Ann Sheridan, the determined, humorous, sensual 1940s Warner Bros. star, is one of my favorite movie toughies. Sheridan was also a first-rate comedienne (I Was a Male War Bride) and in the right role was a capable dramatic actress (Angels with Dirty Faces — except for the hysterical scene). As a plus, she was great to look at and listen to. [See this 2007 Ann Sheridan piece; followed by an interview with author Ray Hagen, then working on a biography of the actress.]
Those unfamiliar with Ann Sheridan's work will be able to check her out on Wednesday, as Turner Classic Movies will be presenting thirteen of her films as part of its "Summer Under the Stars" series. [Ann Sheridan Schedule.]
Unfortunately, there are no rarities. No Woman and the Hunter, Just Across the Street, or Fighting Youth. But Ann Sheridan is always worth another look.
Sheridan looks great in her most famous movie, Sam Wood's melodrama Kings Row (1942), but that classic has always left me cold. I find both Ronald Reagan and Robert Cummings badly miscast, while Betty Field, who could be an excellent actress, was in dire need of some major toning down.

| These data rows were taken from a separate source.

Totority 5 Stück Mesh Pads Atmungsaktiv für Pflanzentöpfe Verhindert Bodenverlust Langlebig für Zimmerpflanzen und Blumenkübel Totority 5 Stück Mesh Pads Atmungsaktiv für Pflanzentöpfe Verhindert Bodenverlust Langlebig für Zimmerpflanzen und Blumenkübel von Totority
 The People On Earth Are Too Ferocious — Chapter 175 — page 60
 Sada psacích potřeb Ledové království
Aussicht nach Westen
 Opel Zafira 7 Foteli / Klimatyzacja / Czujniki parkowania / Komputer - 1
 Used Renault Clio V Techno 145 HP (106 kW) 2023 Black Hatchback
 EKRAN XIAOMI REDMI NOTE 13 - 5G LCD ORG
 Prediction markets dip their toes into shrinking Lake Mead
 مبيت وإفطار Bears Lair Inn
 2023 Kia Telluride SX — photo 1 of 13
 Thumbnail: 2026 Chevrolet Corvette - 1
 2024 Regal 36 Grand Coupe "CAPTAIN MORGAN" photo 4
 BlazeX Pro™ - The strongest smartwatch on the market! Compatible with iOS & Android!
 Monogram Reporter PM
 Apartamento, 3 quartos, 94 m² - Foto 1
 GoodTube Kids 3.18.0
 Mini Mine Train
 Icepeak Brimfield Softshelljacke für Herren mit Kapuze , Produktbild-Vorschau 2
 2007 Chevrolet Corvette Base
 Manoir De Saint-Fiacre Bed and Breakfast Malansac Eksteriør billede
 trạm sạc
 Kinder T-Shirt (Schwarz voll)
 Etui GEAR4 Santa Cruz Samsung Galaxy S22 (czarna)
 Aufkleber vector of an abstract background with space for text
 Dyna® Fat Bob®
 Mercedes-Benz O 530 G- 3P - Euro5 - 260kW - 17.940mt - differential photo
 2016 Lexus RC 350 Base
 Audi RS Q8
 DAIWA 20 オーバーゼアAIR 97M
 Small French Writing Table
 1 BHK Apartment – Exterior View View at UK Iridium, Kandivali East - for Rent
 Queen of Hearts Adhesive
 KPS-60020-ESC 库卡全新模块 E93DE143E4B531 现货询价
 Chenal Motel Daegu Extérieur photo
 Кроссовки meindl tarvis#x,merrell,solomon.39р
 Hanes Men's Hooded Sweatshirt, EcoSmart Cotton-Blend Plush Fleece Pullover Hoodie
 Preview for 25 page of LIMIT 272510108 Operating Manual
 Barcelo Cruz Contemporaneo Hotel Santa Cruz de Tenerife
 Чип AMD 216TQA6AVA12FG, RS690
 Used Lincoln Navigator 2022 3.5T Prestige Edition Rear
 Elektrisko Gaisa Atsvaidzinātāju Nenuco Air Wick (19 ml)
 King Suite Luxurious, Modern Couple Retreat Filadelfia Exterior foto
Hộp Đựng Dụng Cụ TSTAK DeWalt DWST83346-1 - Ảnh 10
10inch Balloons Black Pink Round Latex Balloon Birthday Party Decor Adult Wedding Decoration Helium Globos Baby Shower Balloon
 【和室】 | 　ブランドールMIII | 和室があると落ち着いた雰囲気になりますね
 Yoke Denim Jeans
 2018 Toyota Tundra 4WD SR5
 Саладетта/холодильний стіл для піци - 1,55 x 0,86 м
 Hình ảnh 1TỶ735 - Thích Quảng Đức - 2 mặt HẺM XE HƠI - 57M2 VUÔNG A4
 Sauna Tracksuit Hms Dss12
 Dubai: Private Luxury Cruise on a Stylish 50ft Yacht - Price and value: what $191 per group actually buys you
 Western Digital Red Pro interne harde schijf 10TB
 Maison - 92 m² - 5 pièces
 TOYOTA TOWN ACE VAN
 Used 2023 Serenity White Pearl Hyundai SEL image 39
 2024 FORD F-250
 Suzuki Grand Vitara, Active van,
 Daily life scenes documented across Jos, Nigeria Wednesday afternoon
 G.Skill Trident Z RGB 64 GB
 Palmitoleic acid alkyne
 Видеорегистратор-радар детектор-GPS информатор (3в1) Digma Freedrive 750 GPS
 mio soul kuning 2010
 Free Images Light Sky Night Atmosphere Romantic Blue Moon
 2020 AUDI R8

Also, the Production Code censors kept themselves busy ensuring that Warners and screenwriter Casey Robinson cleaned up all the filthy, disgusting, vile, evil, satanic dirt found Henry Bellamann's novel set in Small Town U.S.A., to the point that the only thing "scandalous" about the movie version is that it's so chicken-shit tame. (In that department, Warners fared much better with another 1942 "family movie," John Huston's In This Our Life, which left precious little to the imagination.)
The Unfaithful (1947) is The Letter all over again (minus the prestige); Torrid Zone (1940) is basically, to paraphrase co-star James Cagney, The Front Page set among bananas; while The Opposite Sex (1956) is a much panned remake of The Women (1939).
So much for those who assert that Hollywood has recently lost its imagination, going for remakes and reboots all the time — as if that wasn't done in the '40s and '50s (or as early as the 1910s, for that matter).
None of the three aforementioned films is considered a classic, but since Ann Sheridan is in them they're all definitely worth a look.
Now, Sheridan is at her best in the comedy The Man Who Came to Dinner (1941), stealing the show (along with Reginald Gardiner, Mary Wickes, and a penguin) from nominal leads Monty Woolley (as a version of Alexander Woolcott) and Bette Davis (as the "straight woman"). Don't miss it.